55 jours chez mon chat
Sébastien Mourrain
Editions de La Martinière, 2021
#confiné(e) avec mon chat
Par Christine Moulin
55 jours chez mon chat est une chronique sans paroles mais avec croquis, qui, malheureusement, est encore d’actualité, mais qui, heureusement, traite la situation avec un humour et une tendresse qui toucheront aussi bien les enfants que les adultes. Dès le titre, les amateurs de chats reconnaissent tout de suite qu’ils ont affaire à quelqu’un de sérieux qui sait de quoi il parle: il est évident que l’on habite chez son chat!
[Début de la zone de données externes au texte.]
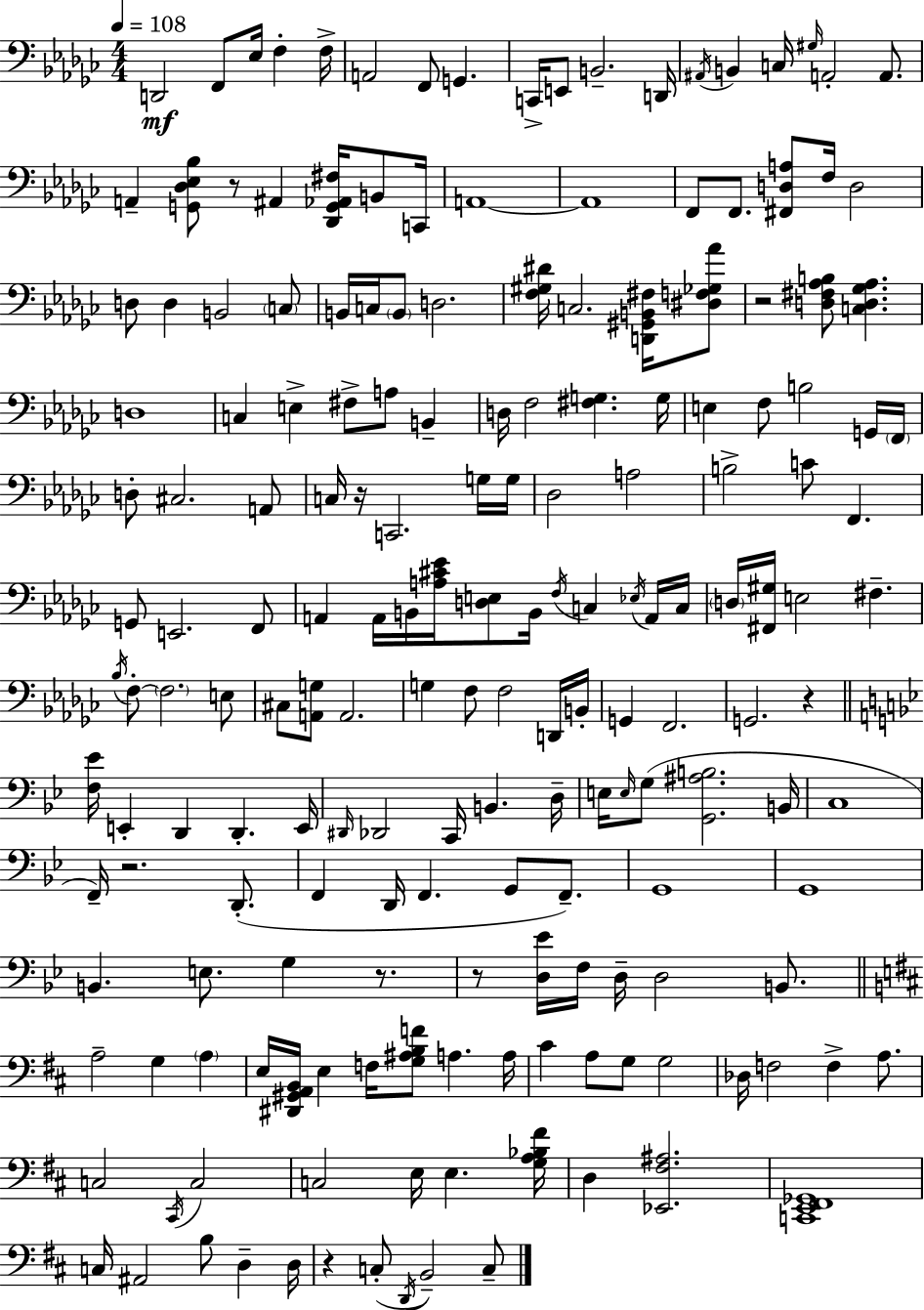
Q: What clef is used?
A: bass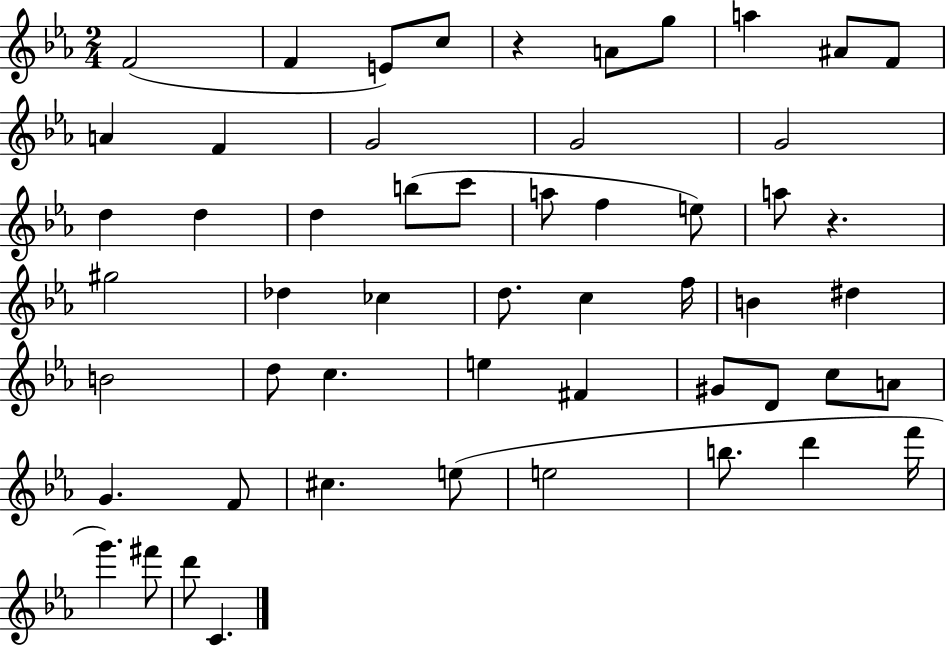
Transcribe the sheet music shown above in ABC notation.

X:1
T:Untitled
M:2/4
L:1/4
K:Eb
F2 F E/2 c/2 z A/2 g/2 a ^A/2 F/2 A F G2 G2 G2 d d d b/2 c'/2 a/2 f e/2 a/2 z ^g2 _d _c d/2 c f/4 B ^d B2 d/2 c e ^F ^G/2 D/2 c/2 A/2 G F/2 ^c e/2 e2 b/2 d' f'/4 g' ^f'/2 d'/2 C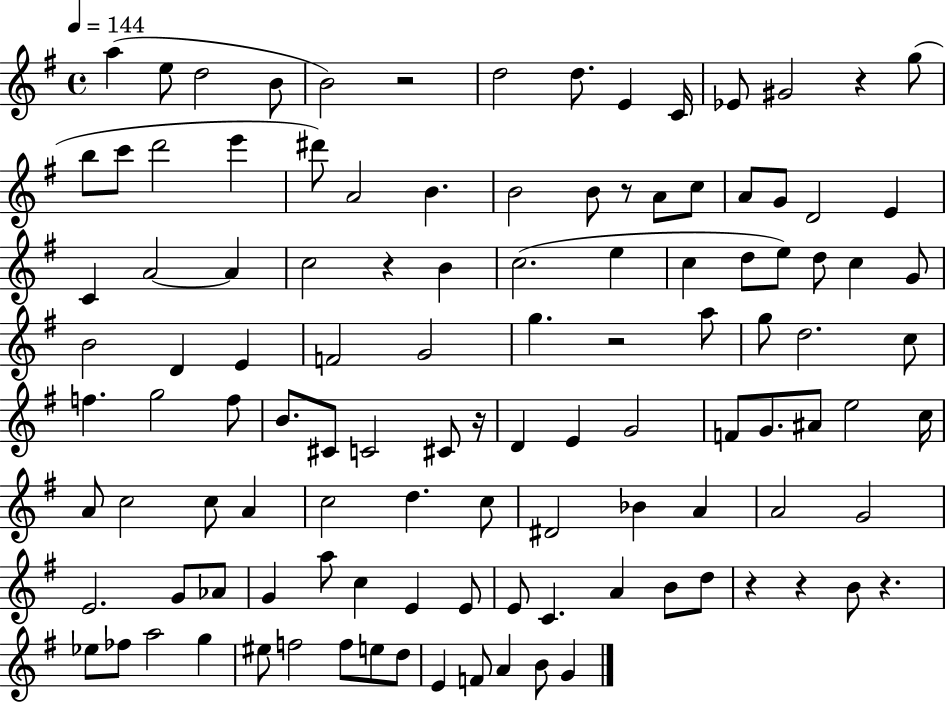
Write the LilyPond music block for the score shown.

{
  \clef treble
  \time 4/4
  \defaultTimeSignature
  \key g \major
  \tempo 4 = 144
  \repeat volta 2 { a''4( e''8 d''2 b'8 | b'2) r2 | d''2 d''8. e'4 c'16 | ees'8 gis'2 r4 g''8( | \break b''8 c'''8 d'''2 e'''4 | dis'''8) a'2 b'4. | b'2 b'8 r8 a'8 c''8 | a'8 g'8 d'2 e'4 | \break c'4 a'2~~ a'4 | c''2 r4 b'4 | c''2.( e''4 | c''4 d''8 e''8) d''8 c''4 g'8 | \break b'2 d'4 e'4 | f'2 g'2 | g''4. r2 a''8 | g''8 d''2. c''8 | \break f''4. g''2 f''8 | b'8. cis'8 c'2 cis'8 r16 | d'4 e'4 g'2 | f'8 g'8. ais'8 e''2 c''16 | \break a'8 c''2 c''8 a'4 | c''2 d''4. c''8 | dis'2 bes'4 a'4 | a'2 g'2 | \break e'2. g'8 aes'8 | g'4 a''8 c''4 e'4 e'8 | e'8 c'4. a'4 b'8 d''8 | r4 r4 b'8 r4. | \break ees''8 fes''8 a''2 g''4 | eis''8 f''2 f''8 e''8 d''8 | e'4 f'8 a'4 b'8 g'4 | } \bar "|."
}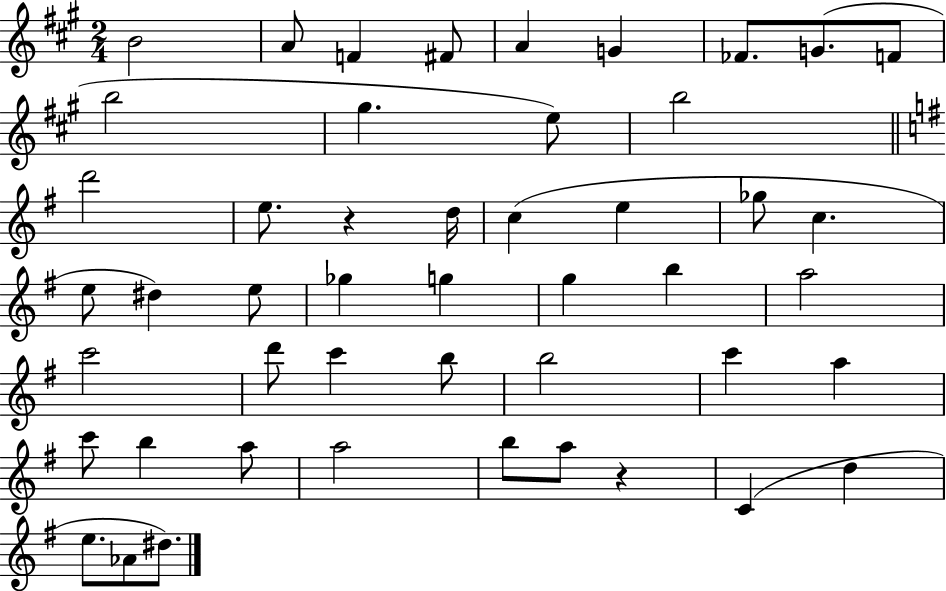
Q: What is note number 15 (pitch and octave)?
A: E5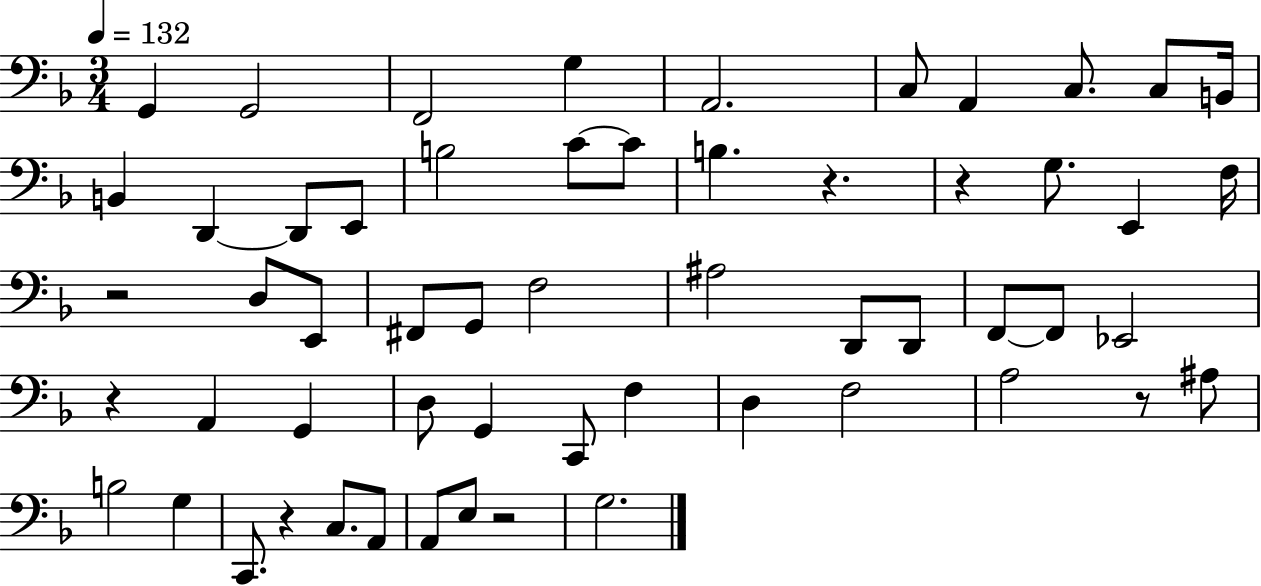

Confinement ou pas confinement. C’est le cas de l’auteur qui a su regarder avec attention Moon, son hôte, et le présenter sous de multiples facettes: tantôt c’est un simple (?) chat qui regarde mélancoliquement le dehors dont il est privé, qui déterre les plantes vertes, qui balade sa souris dans l’appartement sans pour autant vraiment jouer avec elle, qui guette on ne sait qui derrière une porte, qui détruit un rouleau de papier toilette; tantôt c’est un compagnon qui partage et exprime les humeurs de ses humains, vautré sur un canapé, caché sous un lit, perché sur le lavabo ou sur le plan de travail; tantôt c’est un reflet (au sens propre, d’ailleurs, dans le dessin du jour 54), un double de ses « patrons », qui boit l’apéro devant une allocution présidentielle, déguste des cocktails, allongé sur une chaise longue, qui lit un livre, qui assiste à une session « Zoom » où se côtoient chiens et chats, qui constate qu’il a grossi, qui fait de la gymnastique, qui porte un masque; tantôt c’est une chambre d’écho de nos émotions (comme lorsqu’il se pend au lustre, à force d’ennui, sans doute, ou qu’il compte les jours…). A chaque fois, l’artiste trouve moyen d’évoquer avec justesse cette atmosphère si particulière du Premier confinement où se côtoyaient le plaisir d’activités intimistes comme la lecture ou le jeu, les efforts pour continuer à travailler un peu et le découragement, l’agacement. Il rend compte, sans un mot, de ce rapport au temps qui était si difficile et si spécifique, marqué par la répétition, l’insignifiance et l’attente (Moon, souvent, fixe des écrans noirs qui ne s’allument pas). La dernière image (tout en prônant ironiquement « le respect des gestes barrières ») célèbre la liberté retrouvée. Cet ouvrage est donc la démonstration éclatante du rôle de l’humour pour à la fois dire l’expérience commune, la mettre à distance et nous permettre d’en faire (presque!) un objet de future nostalgie.